Auch wir waren dabei. Und fanden es großartig. So großartig, wie es eben ist, wenn Leute, die seit Jahren in denselben Straßen wohnen, sich plötzlich kennenlernen und Sommerabend für Sommerabend lange zusammen draußen sitzen. Die Bürgerinitiative, die dabei entstand – „Bizim Kiez“, fanden wir ehrlich. Und authentisch. Und unaufgeregt. Sie schrieb Hausbesitzern, die ihren Mietern Probleme bereiteten, einfach einen persönlichen Brief. „Bizim Bakkal bleibt – wir bleiben auch“ war der Slogan.
Was sich dann ereignete, war überraschend. Mit einem Mal kam ziemlich viel Presse nach Kreuzberg. Erst die Berliner Zeitungen, dann die überregionalen. Von unserem Protest, der beachtlich, aber nicht gewaltig war, wurde über Nacht ein so starkes Bild gezeichnet, dass diejenigen, die ihn trugen, sich am Kopf kratzten und fragten: Sind wir das wirklich? Und überhaupt: Wer sind wir eigentlich? Machen wir etwas anders als unsere Mamas und Papas in der Schlaghosenzeit? Wenn ja – was ist das? Und last not least: Sind wir, gemessen an der sagenumwobenen Hausbesetzerzeit, eigentlich mehr oder weniger als ein kleines und unbedeutendes Strohfeuer?
Ironischerweise war es ein Hof in der Cuvrystraße, in dem wir uns über diese Fragen unterhielten. Vermutlich genau dort, wo das Foto von den tanzenden Häuserkämpfern entstand. Eine Mutter, die zu Häuserkampfzeiten schon in Kreuzberg lebte – und jetzt bei Bizim Kiez mitmacht –, hatte Obst mitgebracht und erzählte viel.

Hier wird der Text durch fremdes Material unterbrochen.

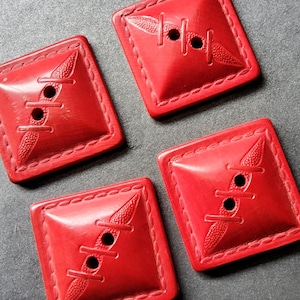 May include: Four red plastic buttons with a stitched design. Each button has a square shape with rounded corners and a raised stitched design that resembles a seam.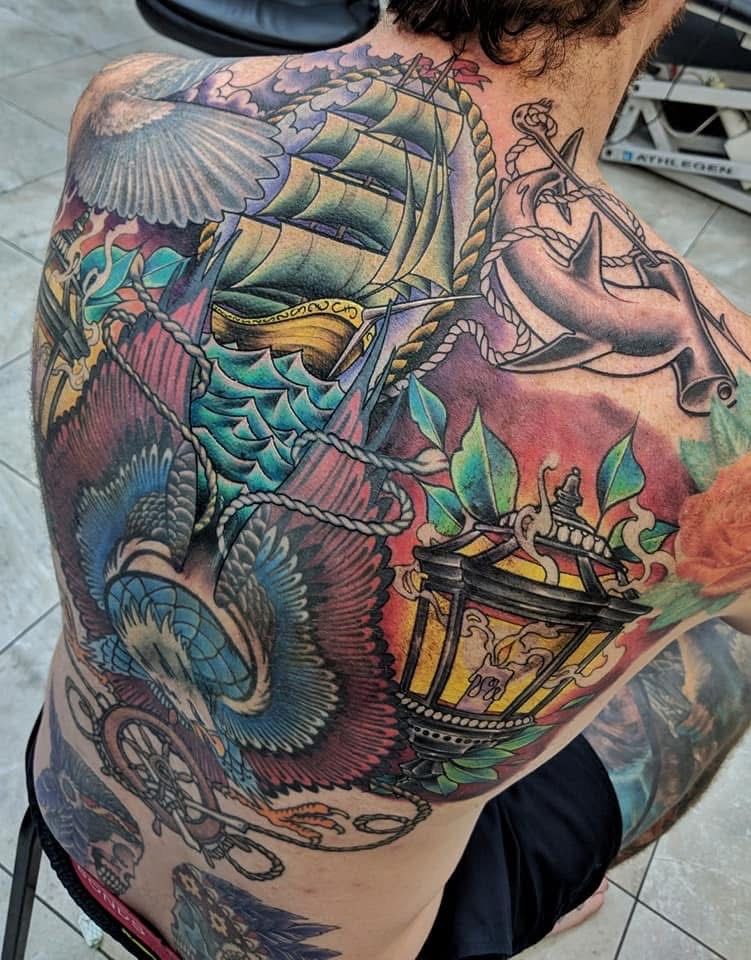 Colorful nautical tattoo on a person's upper back, featuring a ship, waves, birds, anchor, and a lantern. — Whitsunday Tattooing Airlie Beach in Whitsundays, QLD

Ihre Tochter, Ende zwanzig, sprach weniger. Wir saßen in diesem Hof, wo damals der Putz nur so bröckelte, und freuten uns darüber, wie schön grün Kreuzberg heute ist.
Das Gespräch dauerte sicherlich zwei Stunden lang. Ein paar Kinder tobten derweilen und zerdepperten eine Flasche Biopflaumensaft. Das meiste, was gesagt wurde, ist vergessen. Aber hängen blieb: Beide wunderten sich, dass man den Protest heute plötzlich mag.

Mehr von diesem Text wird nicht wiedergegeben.